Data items
#####

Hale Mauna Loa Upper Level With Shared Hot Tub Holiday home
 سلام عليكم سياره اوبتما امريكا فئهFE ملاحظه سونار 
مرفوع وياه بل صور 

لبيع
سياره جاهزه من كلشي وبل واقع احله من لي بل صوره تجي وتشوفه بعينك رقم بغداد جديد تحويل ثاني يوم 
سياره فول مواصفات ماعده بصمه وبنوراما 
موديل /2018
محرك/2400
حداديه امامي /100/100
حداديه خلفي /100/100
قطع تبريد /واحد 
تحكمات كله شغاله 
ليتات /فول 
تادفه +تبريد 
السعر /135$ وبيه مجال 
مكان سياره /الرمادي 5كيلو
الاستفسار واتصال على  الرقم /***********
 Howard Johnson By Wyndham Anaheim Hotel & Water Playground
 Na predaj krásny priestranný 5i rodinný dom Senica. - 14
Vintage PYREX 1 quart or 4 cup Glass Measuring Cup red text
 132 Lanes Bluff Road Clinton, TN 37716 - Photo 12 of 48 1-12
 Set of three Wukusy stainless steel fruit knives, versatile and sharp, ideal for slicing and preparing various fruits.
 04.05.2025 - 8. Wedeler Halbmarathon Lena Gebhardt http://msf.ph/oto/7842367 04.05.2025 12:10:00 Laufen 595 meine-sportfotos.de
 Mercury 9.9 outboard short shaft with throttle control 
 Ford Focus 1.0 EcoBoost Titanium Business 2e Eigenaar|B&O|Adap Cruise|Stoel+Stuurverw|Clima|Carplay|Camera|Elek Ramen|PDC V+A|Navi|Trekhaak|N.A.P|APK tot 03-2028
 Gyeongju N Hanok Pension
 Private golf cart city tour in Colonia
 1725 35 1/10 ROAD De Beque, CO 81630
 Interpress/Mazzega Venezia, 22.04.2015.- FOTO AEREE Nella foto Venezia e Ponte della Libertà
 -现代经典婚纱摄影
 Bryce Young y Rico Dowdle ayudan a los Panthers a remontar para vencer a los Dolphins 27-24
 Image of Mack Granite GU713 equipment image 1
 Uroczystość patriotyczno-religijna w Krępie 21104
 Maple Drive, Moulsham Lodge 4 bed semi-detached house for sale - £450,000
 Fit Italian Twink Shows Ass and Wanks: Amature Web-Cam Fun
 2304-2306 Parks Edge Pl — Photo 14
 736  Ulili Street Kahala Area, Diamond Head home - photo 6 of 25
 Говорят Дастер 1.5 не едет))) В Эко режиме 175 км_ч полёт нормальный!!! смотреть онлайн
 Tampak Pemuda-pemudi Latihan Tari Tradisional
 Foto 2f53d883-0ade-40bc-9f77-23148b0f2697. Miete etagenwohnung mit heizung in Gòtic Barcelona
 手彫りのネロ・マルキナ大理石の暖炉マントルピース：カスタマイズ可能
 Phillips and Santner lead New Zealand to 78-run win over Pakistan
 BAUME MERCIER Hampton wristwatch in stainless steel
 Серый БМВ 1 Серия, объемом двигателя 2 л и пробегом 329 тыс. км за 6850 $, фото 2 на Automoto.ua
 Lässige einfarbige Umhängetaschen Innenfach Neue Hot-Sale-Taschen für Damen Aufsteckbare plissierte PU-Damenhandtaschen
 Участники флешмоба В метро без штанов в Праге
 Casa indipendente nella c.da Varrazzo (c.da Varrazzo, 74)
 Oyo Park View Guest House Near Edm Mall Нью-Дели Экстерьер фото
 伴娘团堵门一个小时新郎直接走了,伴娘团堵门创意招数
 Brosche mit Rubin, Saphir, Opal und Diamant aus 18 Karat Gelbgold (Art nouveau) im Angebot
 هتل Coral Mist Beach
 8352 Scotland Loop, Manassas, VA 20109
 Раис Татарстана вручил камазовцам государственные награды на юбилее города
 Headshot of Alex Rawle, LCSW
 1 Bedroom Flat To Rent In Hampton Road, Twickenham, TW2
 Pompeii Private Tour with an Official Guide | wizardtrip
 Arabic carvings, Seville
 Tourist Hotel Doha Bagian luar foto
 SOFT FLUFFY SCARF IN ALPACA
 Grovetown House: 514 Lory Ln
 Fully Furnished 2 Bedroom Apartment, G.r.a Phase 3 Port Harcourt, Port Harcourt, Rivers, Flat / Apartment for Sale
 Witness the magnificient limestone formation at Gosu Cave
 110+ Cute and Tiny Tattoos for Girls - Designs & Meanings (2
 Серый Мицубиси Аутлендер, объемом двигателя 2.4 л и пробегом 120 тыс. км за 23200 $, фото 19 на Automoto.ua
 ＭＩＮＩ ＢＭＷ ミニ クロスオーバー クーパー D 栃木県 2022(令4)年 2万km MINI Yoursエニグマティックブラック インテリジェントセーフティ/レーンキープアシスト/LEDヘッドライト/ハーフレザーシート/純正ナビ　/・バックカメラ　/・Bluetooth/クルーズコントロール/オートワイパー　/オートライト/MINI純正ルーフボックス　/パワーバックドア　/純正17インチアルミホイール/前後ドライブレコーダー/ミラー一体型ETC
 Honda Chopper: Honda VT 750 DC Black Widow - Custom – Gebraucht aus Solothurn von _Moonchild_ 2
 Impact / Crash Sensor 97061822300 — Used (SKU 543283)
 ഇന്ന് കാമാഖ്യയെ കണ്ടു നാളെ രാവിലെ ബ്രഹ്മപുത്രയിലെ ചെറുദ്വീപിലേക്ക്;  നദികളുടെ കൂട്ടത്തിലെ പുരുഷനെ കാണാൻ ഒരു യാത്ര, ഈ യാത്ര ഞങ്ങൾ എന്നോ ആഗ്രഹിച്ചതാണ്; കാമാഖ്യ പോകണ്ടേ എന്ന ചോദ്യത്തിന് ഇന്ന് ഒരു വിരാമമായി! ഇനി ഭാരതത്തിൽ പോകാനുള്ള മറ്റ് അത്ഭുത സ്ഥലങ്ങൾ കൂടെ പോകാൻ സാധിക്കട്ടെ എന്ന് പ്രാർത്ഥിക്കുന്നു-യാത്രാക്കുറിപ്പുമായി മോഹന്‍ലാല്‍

#####

Every line of the data is to be printed again exactly.

Hale Mauna Loa Upper Level With Shared Hot Tub Holiday home
 سلام عليكم سياره اوبتما امريكا فئهFE ملاحظه سونار 
مرفوع وياه بل صور 

لبيع
سياره جاهزه من كلشي وبل واقع احله من لي بل صوره تجي وتشوفه بعينك رقم بغداد جديد تحويل ثاني يوم 
سياره فول مواصفات ماعده بصمه وبنوراما 
موديل /2018
محرك/2400
حداديه امامي /100/100
حداديه خلفي /100/100
قطع تبريد /واحد 
تحكمات كله شغاله 
ليتات /فول 
تادفه +تبريد 
السعر /135$ وبيه مجال 
مكان سياره /الرمادي 5كيلو
الاستفسار واتصال على  الرقم /***********
 Howard Johnson By Wyndham Anaheim Hotel & Water Playground
 Na predaj krásny priestranný 5i rodinný dom Senica. - 14
Vintage PYREX 1 quart or 4 cup Glass Measuring Cup red text
 132 Lanes Bluff Road Clinton, TN 37716 - Photo 12 of 48 1-12
 Set of three Wukusy stainless steel fruit knives, versatile and sharp, ideal for slicing and preparing various fruits.
 04.05.2025 - 8. Wedeler Halbmarathon Lena Gebhardt http://msf.ph/oto/7842367 04.05.2025 12:10:00 Laufen 595 meine-sportfotos.de
 Mercury 9.9 outboard short shaft with throttle control 
 Ford Focus 1.0 EcoBoost Titanium Business 2e Eigenaar|B&O|Adap Cruise|Stoel+Stuurverw|Clima|Carplay|Camera|Elek Ramen|PDC V+A|Navi|Trekhaak|N.A.P|APK tot 03-2028
 Gyeongju N Hanok Pension
 Private golf cart city tour in Colonia
 1725 35 1/10 ROAD De Beque, CO 81630
 Interpress/Mazzega Venezia, 22.04.2015.- FOTO AEREE Nella foto Venezia e Ponte della Libertà
 -现代经典婚纱摄影
 Bryce Young y Rico Dowdle ayudan a los Panthers a remontar para vencer a los Dolphins 27-24
 Image of Mack Granite GU713 equipment image 1
 Uroczystość patriotyczno-religijna w Krępie 21104
 Maple Drive, Moulsham Lodge 4 bed semi-detached house for sale - £450,000
 Fit Italian Twink Shows Ass and Wanks: Amature Web-Cam Fun
 2304-2306 Parks Edge Pl — Photo 14
 736  Ulili Street Kahala Area, Diamond Head home - photo 6 of 25
 Говорят Дастер 1.5 не едет))) В Эко режиме 175 км_ч полёт нормальный!!! смотреть онлайн
 Tampak Pemuda-pemudi Latihan Tari Tradisional
 Foto 2f53d883-0ade-40bc-9f77-23148b0f2697. Miete etagenwohnung mit heizung in Gòtic Barcelona
 手彫りのネロ・マルキナ大理石の暖炉マントルピース：カスタマイズ可能
 Phillips and Santner lead New Zealand to 78-run win over Pakistan
 BAUME MERCIER Hampton wristwatch in stainless steel
 Серый БМВ 1 Серия, объемом двигателя 2 л и пробегом 329 тыс. км за 6850 $, фото 2 на Automoto.ua
 Lässige einfarbige Umhängetaschen Innenfach Neue Hot-Sale-Taschen für Damen Aufsteckbare plissierte PU-Damenhandtaschen
 Участники флешмоба В метро без штанов в Праге
 Casa indipendente nella c.da Varrazzo (c.da Varrazzo, 74)
 Oyo Park View Guest House Near Edm Mall Нью-Дели Экстерьер фото
 伴娘团堵门一个小时新郎直接走了,伴娘团堵门创意招数
 Brosche mit Rubin, Saphir, Opal und Diamant aus 18 Karat Gelbgold (Art nouveau) im Angebot
 هتل Coral Mist Beach
 8352 Scotland Loop, Manassas, VA 20109
 Раис Татарстана вручил камазовцам государственные награды на юбилее города
 Headshot of Alex Rawle, LCSW
 1 Bedroom Flat To Rent In Hampton Road, Twickenham, TW2
 Pompeii Private Tour with an Official Guide | wizardtrip
 Arabic carvings, Seville
 Tourist Hotel Doha Bagian luar foto
 SOFT FLUFFY SCARF IN ALPACA
 Grovetown House: 514 Lory Ln
 Fully Furnished 2 Bedroom Apartment, G.r.a Phase 3 Port Harcourt, Port Harcourt, Rivers, Flat / Apartment for Sale
 Witness the magnificient limestone formation at Gosu Cave
 110+ Cute and Tiny Tattoos for Girls - Designs & Meanings (2
 Серый Мицубиси Аутлендер, объемом двигателя 2.4 л и пробегом 120 тыс. км за 23200 $, фото 19 на Automoto.ua
 ＭＩＮＩ ＢＭＷ ミニ クロスオーバー クーパー D 栃木県 2022(令4)年 2万km MINI Yoursエニグマティックブラック インテリジェントセーフティ/レーンキープアシスト/LEDヘッドライト/ハーフレザーシート/純正ナビ　/・バックカメラ　/・Bluetooth/クルーズコントロール/オートワイパー　/オートライト/MINI純正ルーフボックス　/パワーバックドア　/純正17インチアルミホイール/前後ドライブレコーダー/ミラー一体型ETC
 Honda Chopper: Honda VT 750 DC Black Widow - Custom – Gebraucht aus Solothurn von _Moonchild_ 2
 Impact / Crash Sensor 97061822300 — Used (SKU 543283)
 ഇന്ന് കാമാഖ്യയെ കണ്ടു നാളെ രാവിലെ ബ്രഹ്മപുത്രയിലെ ചെറുദ്വീപിലേക്ക്;  നദികളുടെ കൂട്ടത്തിലെ പുരുഷനെ കാണാൻ ഒരു യാത്ര, ഈ യാത്ര ഞങ്ങൾ എന്നോ ആഗ്രഹിച്ചതാണ്; കാമാഖ്യ പോകണ്ടേ എന്ന ചോദ്യത്തിന് ഇന്ന് ഒരു വിരാമമായി! ഇനി ഭാരതത്തിൽ പോകാനുള്ള മറ്റ് അത്ഭുത സ്ഥലങ്ങൾ കൂടെ പോകാൻ സാധിക്കട്ടെ എന്ന് പ്രാർത്ഥിക്കുന്നു-യാത്രാക്കുറിപ്പുമായി മോഹന്‍ലാല്‍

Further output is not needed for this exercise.